=== ASSIGNMENT ===
Transcribe the entries exactly. Omit the pictures.

=== EXTRACTED DATA ===
- Opening Delimiter -

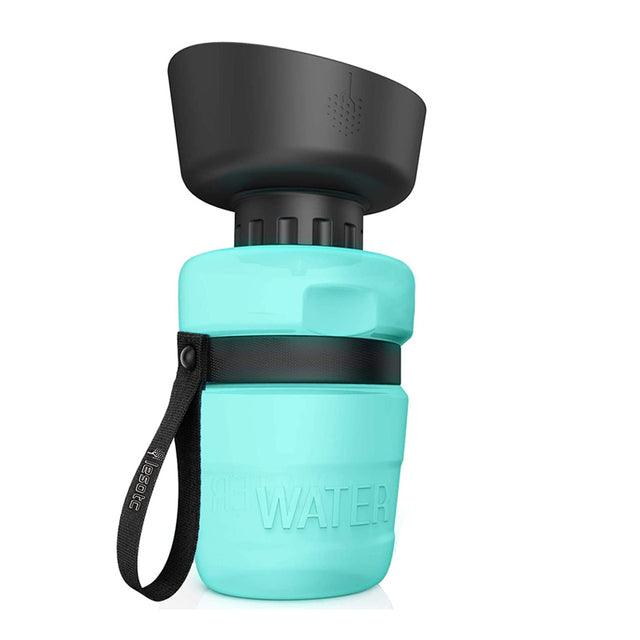 Portable BPA Free Foldable Dog Water Bottle - yokefinds.ie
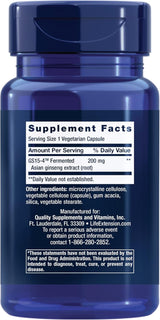 Ginseng Asian Energy Boost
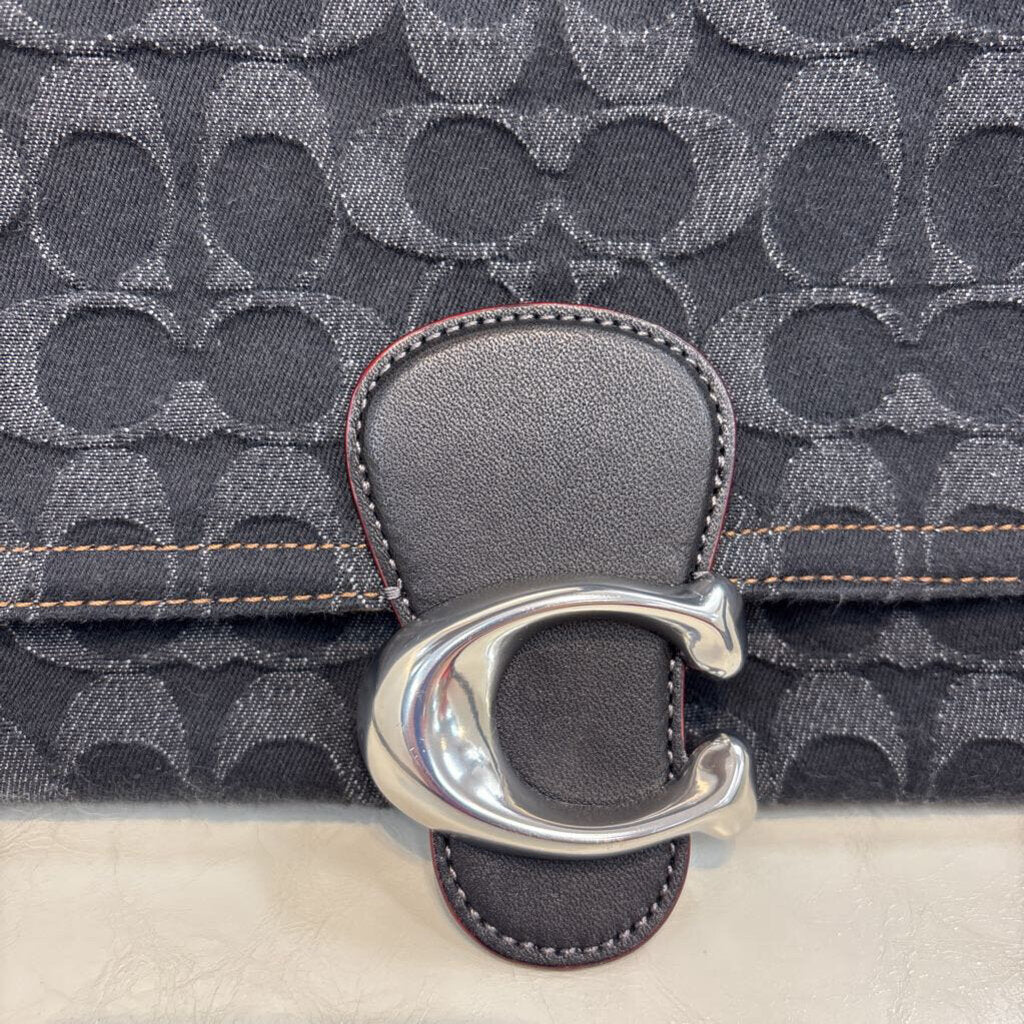 Coach HANDBAGS black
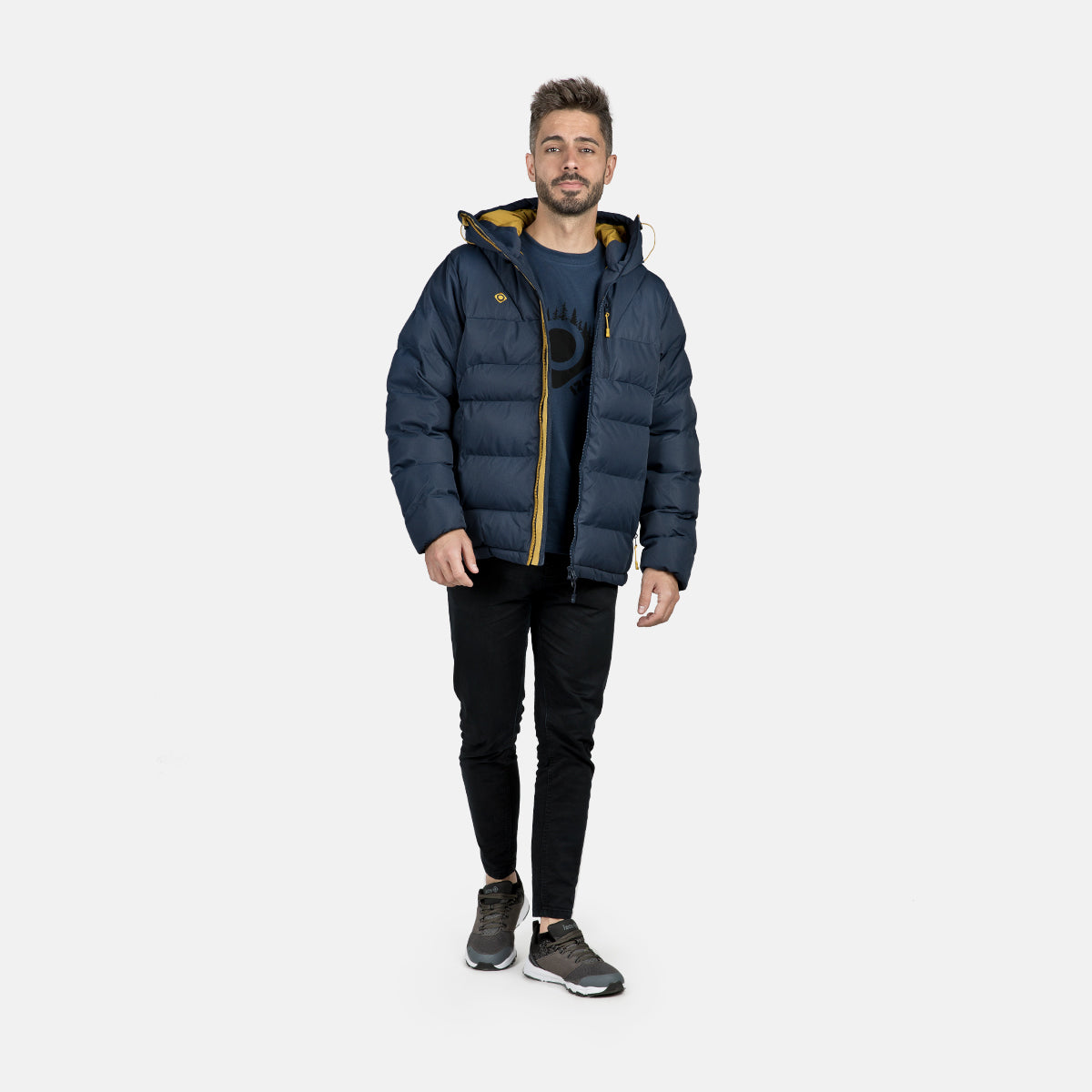CHAQUETA DE FIBRA AMPRIU M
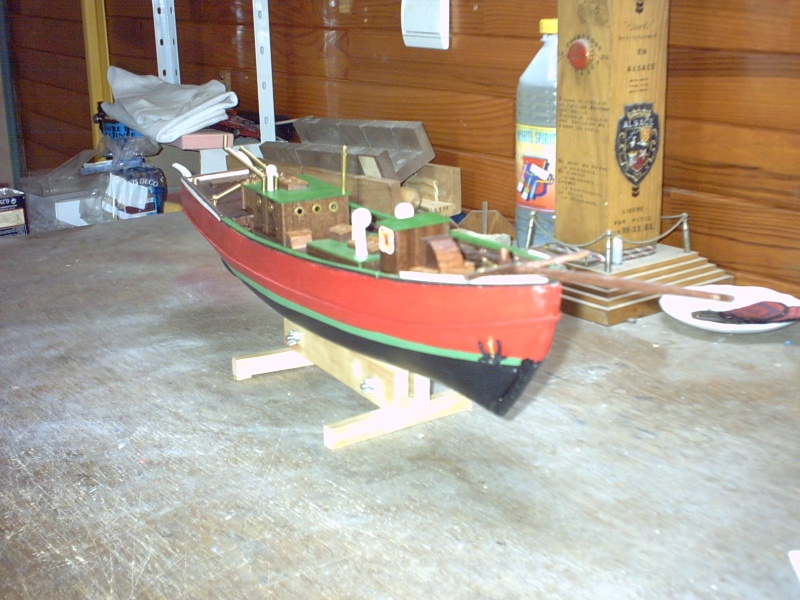 Goélette Lilla Dan [Billing Boats 1/50°] de pat038 17_avr11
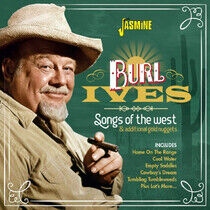 Ives, Burl - Songs of the West and..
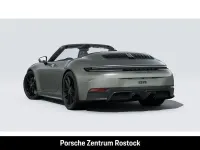 Neu Porsche 992 541 PS (397 kW) 2026 Aventuringrünmetallic Cabrio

- Closing Delimiter -

=== ANSWER BELOW ===
 Portable BPA Free Foldable Dog Water Bottle - yokefinds.ie
 Ginseng Asian Energy Boost
 Coach HANDBAGS black
CHAQUETA DE FIBRA AMPRIU M
 Goélette Lilla Dan [Billing Boats 1/50°] de pat038 17_avr11
 Ives, Burl - Songs of the West and..
 Neu Porsche 992 541 PS (397 kW) 2026 Aventuringrünmetallic Cabrio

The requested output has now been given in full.